STA president pushing for action plans specific to district buildings

SYRACUSE, N.Y. (WSYR-TV) - Just days before the deadly mass shooting in Parkland, Fla., at Marjory Stoneman Douglas High School, 30 members of the Syracuse Teachers Association were participating in active shooter response training.

STA President Megan Root addressed the school board Wednesday night during its meeting -- emphasizing the need for this type of training to be expanded.

"As teachers and administrators -- we're on the front lines. We are the first responders," Root explained. "When the police and the emergency personnel do show up, they're not there to help the wounded, they're there to take down the wounded. We need to have as many tools in our pockets as we can so we can save our lives but as many other lives as we can as well."
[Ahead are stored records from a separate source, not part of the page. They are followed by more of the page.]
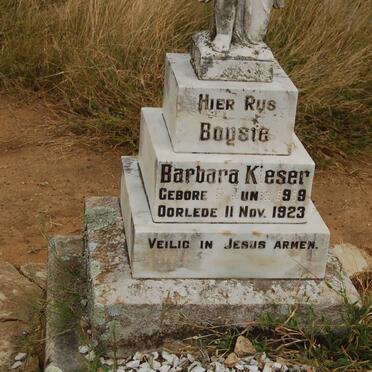 KIESER Barbara 1919-1923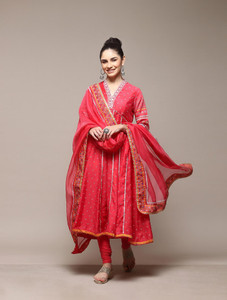 BIBA Printed Kurta, Salwar & Dupatta Set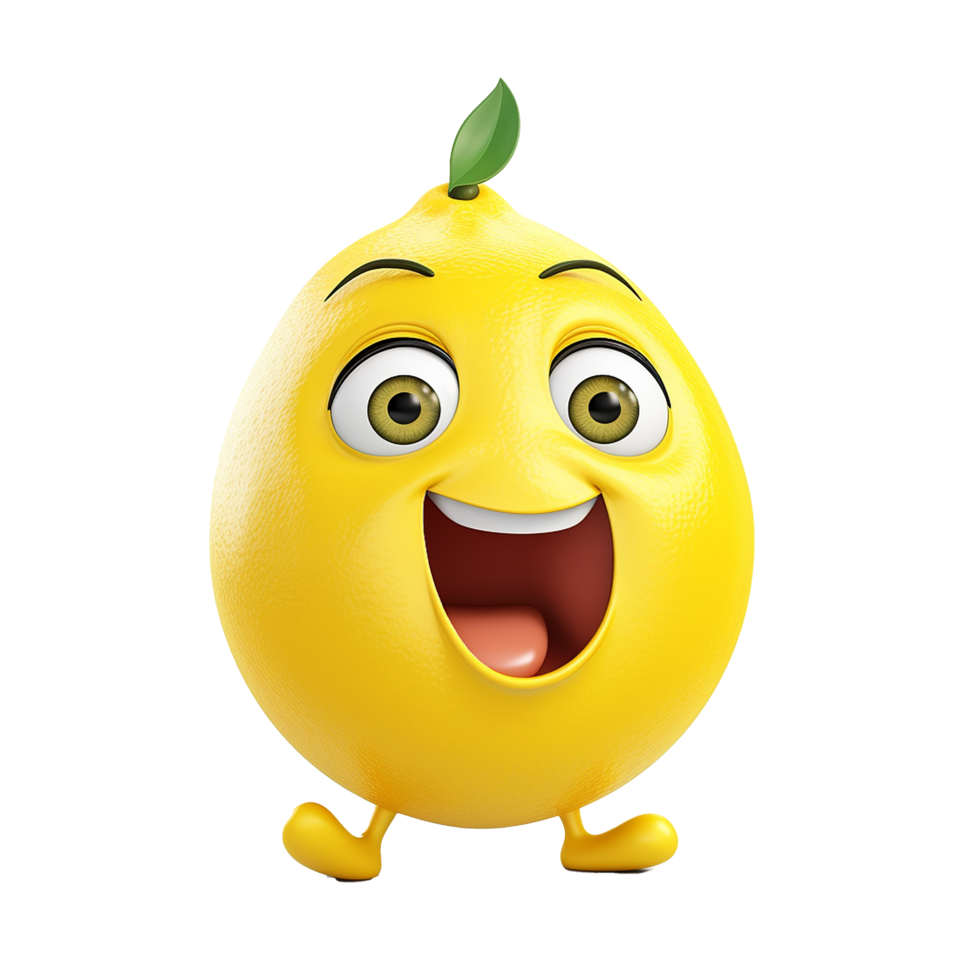 AI generated Lemon png isolated on transparent background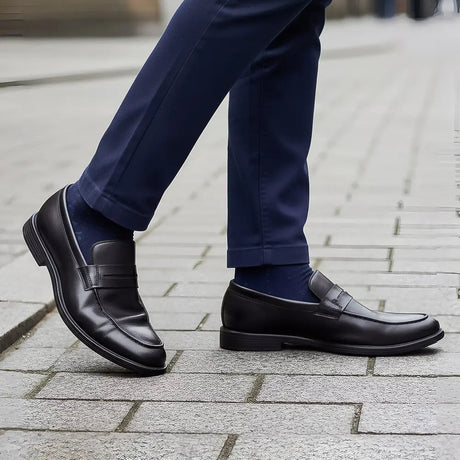 Men's Classic Penny Loafer Shoe with Cushioned Insole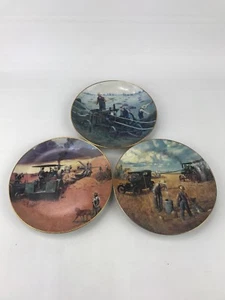 3er SET BALLENHEU Porzellan Teller FARMING THE HEARTLAND Vintage 1990  - Bild 1 von 5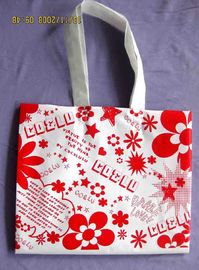 Populäre kleine pp.-Einkaufstaschen mit der Flora gedruckt für Anzeige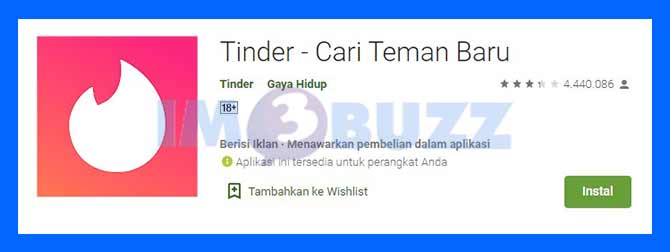 Aplikasi Percakapan Tinder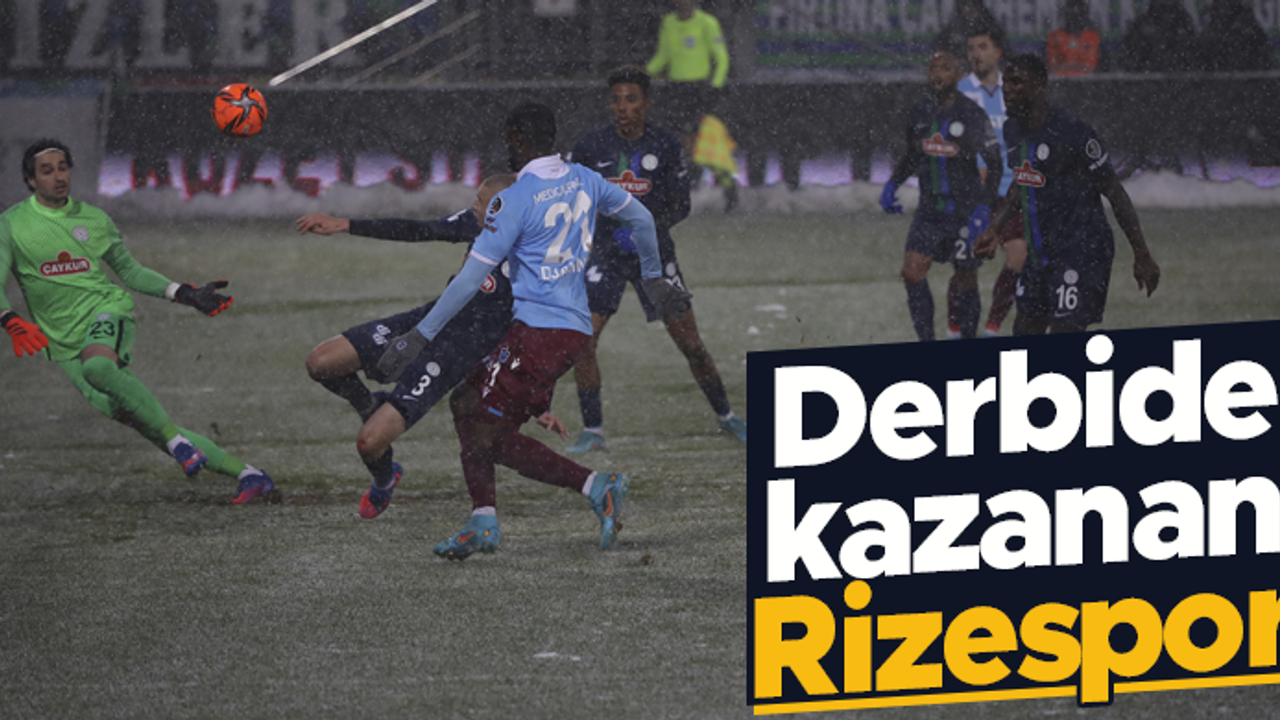 Çaykur Rizespor - Trabzonspor maç sonucu: 3-2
Root says, "it's scary," to think this training is necessary, but says she understands why it's needed.

"We were all acknowledging that it was really sad that we live in times where this is an issue, but it really is in this country. It was scary," Root said. "There was some people in the training who said they sat in their car and they weren't sure they were going to come inside the building because they weren't sure they could handle it."

Root says the training helped her realize she has "more options than the shooter," and that everyone needs to have these skills to be ready in the event of an active shooter in a school. Root says trainers stressed that civilians can run, hide and fight, but the shooter is either going "to kill or be killed."

So far, Nottingham High School has received some form of active shooter training, according to Jaime Alicea, the Syracuse City School Superintendent.

On Thursday, Alicea says he will begin discussions with his director of security to develop building specific plans for the district. When asked if this type of planning and training is in the budget -- he says safety is a priority, so they will find a way to make it happen.

Root says the training needs to reach not only teachers, but front office staff, nurses and substitute teachers for it to be effective.

The STA members received training from Armoured One, a security company based in Central New York. Workers travel across the nation to train teachers for active shooter emergencies.